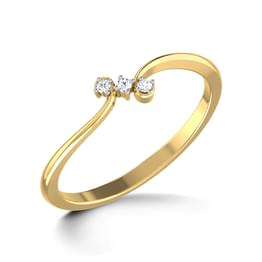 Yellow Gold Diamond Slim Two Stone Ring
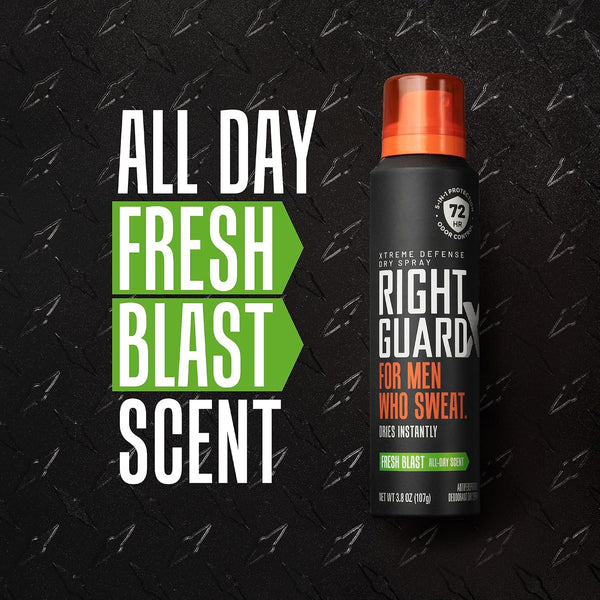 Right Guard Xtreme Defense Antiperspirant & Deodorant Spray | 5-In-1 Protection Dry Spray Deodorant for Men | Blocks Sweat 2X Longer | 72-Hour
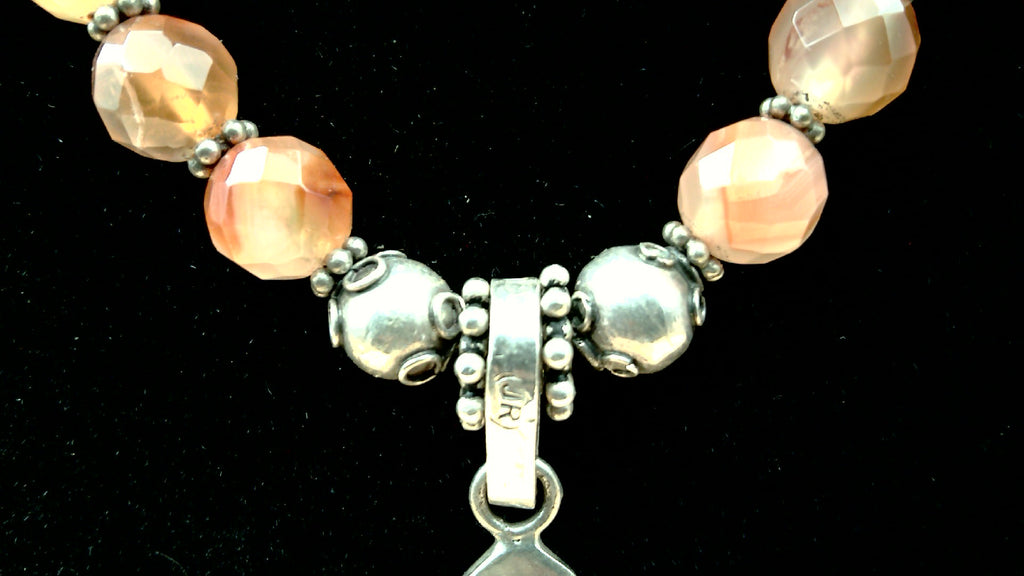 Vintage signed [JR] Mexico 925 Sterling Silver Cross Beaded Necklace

§ §

What is needed:
Your answer must be an exact copy of the data above, minus its pictures.

Reply:
 Yellow Gold Diamond Slim Two Stone Ring
 Right Guard Xtreme Defense Antiperspirant & Deodorant Spray | 5-In-1 Protection Dry Spray Deodorant for Men | Blocks Sweat 2X Longer | 72-Hour
 Vintage signed [JR] Mexico 925 Sterling Silver Cross Beaded Necklace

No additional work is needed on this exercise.